Afterward, Tyson took steps to become a power in the heavyweight division while Holyfield went on to win the bronze medal in Los Angeles. In 1986, Tyson became the youngest fighter ever to win a world heavyweight championship when he knocked Trevor Berbick out in the second round to win the WBC title as part of an ongoing series of fights designed to unify the belts of the WBA, WBC, and the IBF and create an undisputed world champion. The next year, Tyson won the other two championships to become the first fighter since Leon Spinks to be an undisputed world heavyweight champion.

Holyfield came up through the ranks of the cruiserweight division before making his name as a heavyweight. In what was still a relatively young division, cruiserweight — having only been sanctioned as a title-holding weight class since 1979 — Holyfield quickly became its first undisputed champion when he won all three major sanctioning bodies' titles. He moved up to heavyweight in 1988 and continued to work his way up the rankings. By 1990, he was looking to challenge Tyson and after some hard negotiating the two fighters would agree to a fight later that year.

Tyson's loss to Buster Douglas, which he had intended as a tune-up fight for the Holyfield match, derailed those plans. Holyfield was given the first shot at the new champion and won in a third-round knockout. Tyson, meanwhile, entered into a fight with Canadian heavyweight contender Donovan Ruddock with the winner to face Holyfield. However, a controversial ending to the fight, which Tyson won by technical knockout, led to an immediate rematch and further delayed the showdown between Tyson and Holyfield. After Tyson won decisively, a fight was signed for November 18, 1991. An injury and Tyson's subsequent conviction for rape in 1992 indefinitely shelved the fight, as Tyson was sentenced to six years in prison.

Holyfield, meanwhile, went on to reign as undisputed champion until losing to Riddick Bowe in November 1992. He would regain the WBA and IBF titles from Bowe in a rematch the following year, then lost them to Michael Moorer in 1994. Holyfield was then forced to retire due to a misdiagnosed heart condition, only to come back a year later.

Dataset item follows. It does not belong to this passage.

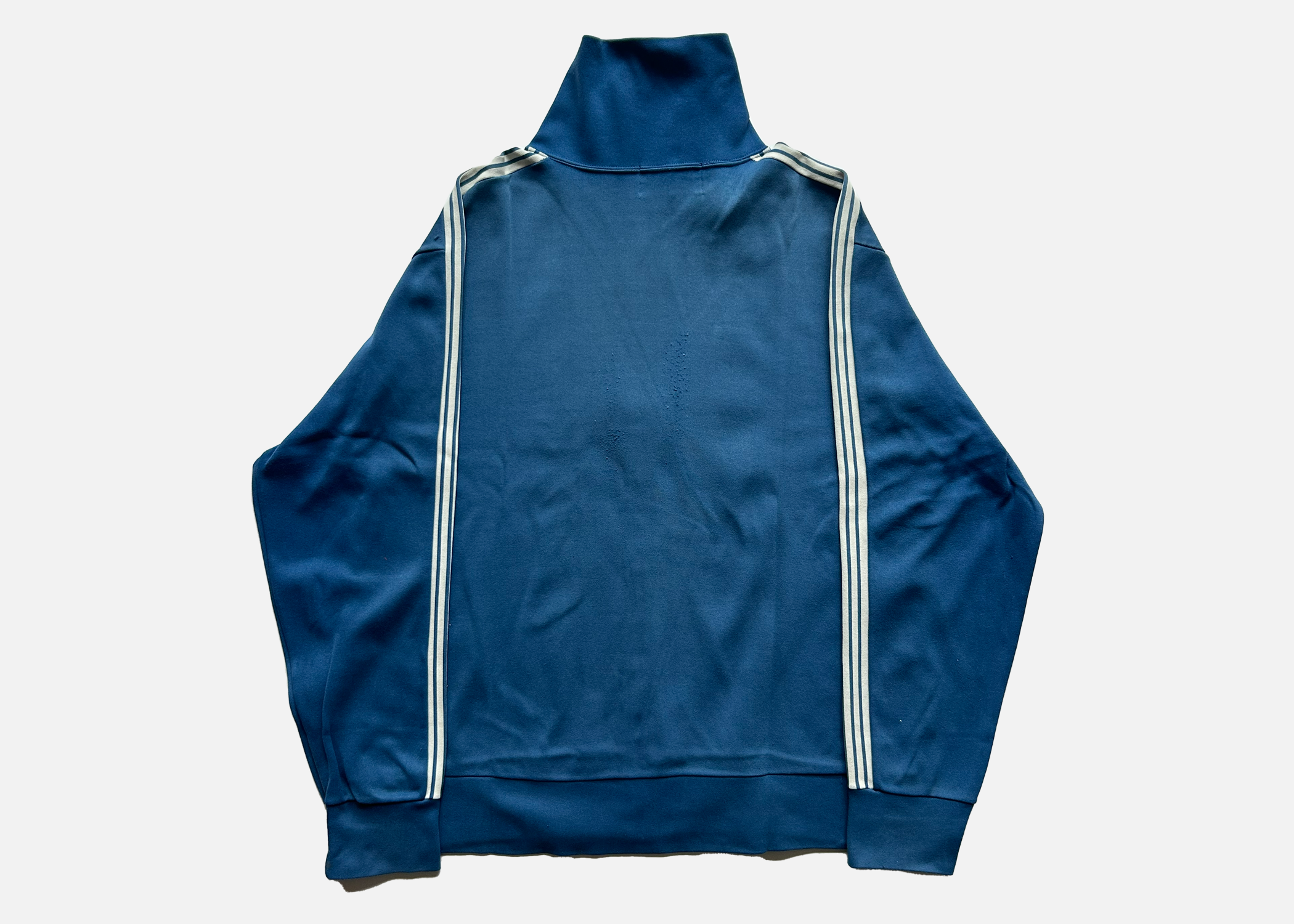70s blue track jacket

He fought Bowe one more time in the fall, getting knocked out for the first time in his career, and then fought overmatched former cruiserweight world champion Bobby Czyz and knocked him out.

Tyson was released from prison in 1995 and resumed his career with great fanfare. He fought journeyman Peter McNeeley in his first fight and then, before a national television audience, knocked out fringe contender Buster Mathis, Jr. The WBC installed him as its number one contender and ordered the winner of a fight between Oliver McCall, their champion who knocked out Lennox Lewis in 1994, and Frank Bruno, a veteran British contender who had fought and lost to Tyson during his first run as champion, to fight him in their next bout. Bruno defeated McCall by decision, but then was soundly beaten by Tyson within three rounds.

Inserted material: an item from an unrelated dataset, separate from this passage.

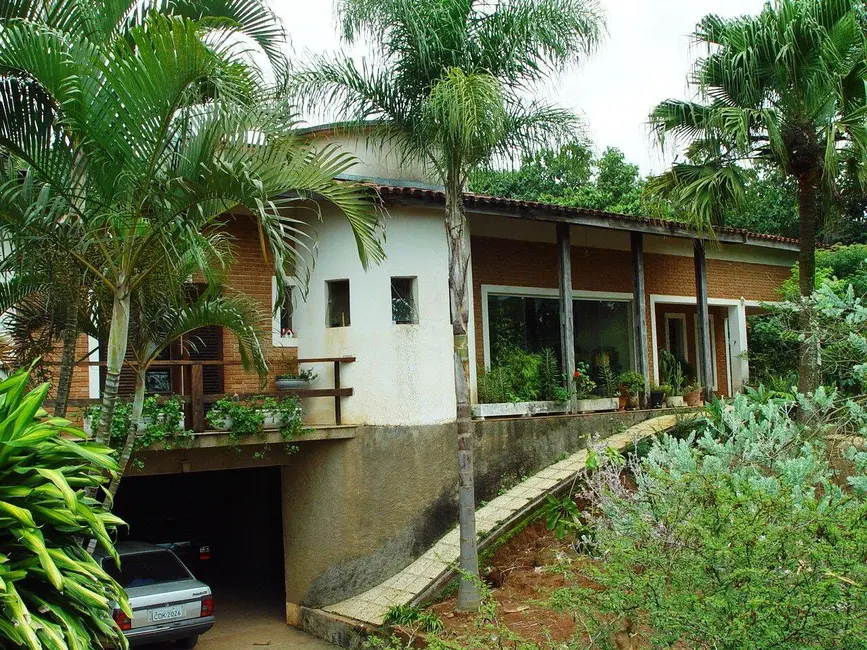 Foto 2 de Casa com 4 quartos à venda, 412m2 em Jardim Colonial, Atibaia - SP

Tyson would be stripped of the title for agreeing to fight WBA champion Bruce Seldon in his next fight instead of Lewis, the top contender. He knocked Seldon out in the first round and a fight was set up with Holyfield, who despite his former championship pedigree was regarded as past his prime.

Preparing to fight Tyson, Holyfield employed Mike Weaver, the WBA ex-champion, as a personal assistant. He also employed David Tua, whose style and anthropometrics were close to Tyson's, as a sparring partner.

The winner was set for a scheduled March 15 fight against the winner of the undercard bout between IBF champion Moorer and Francois Botha.

==The fights==
===Undercard===
Showtime promoted the event as a heavyweight title tripleheader, as two other champions were defending their titles that night as well. In all, five (including Tyson's ) were contested for that night.

Undefeated WBC world minimumweight champion Ricardo Lopez knocked out contender Morgan Ndumo in the sixth round to retain his title.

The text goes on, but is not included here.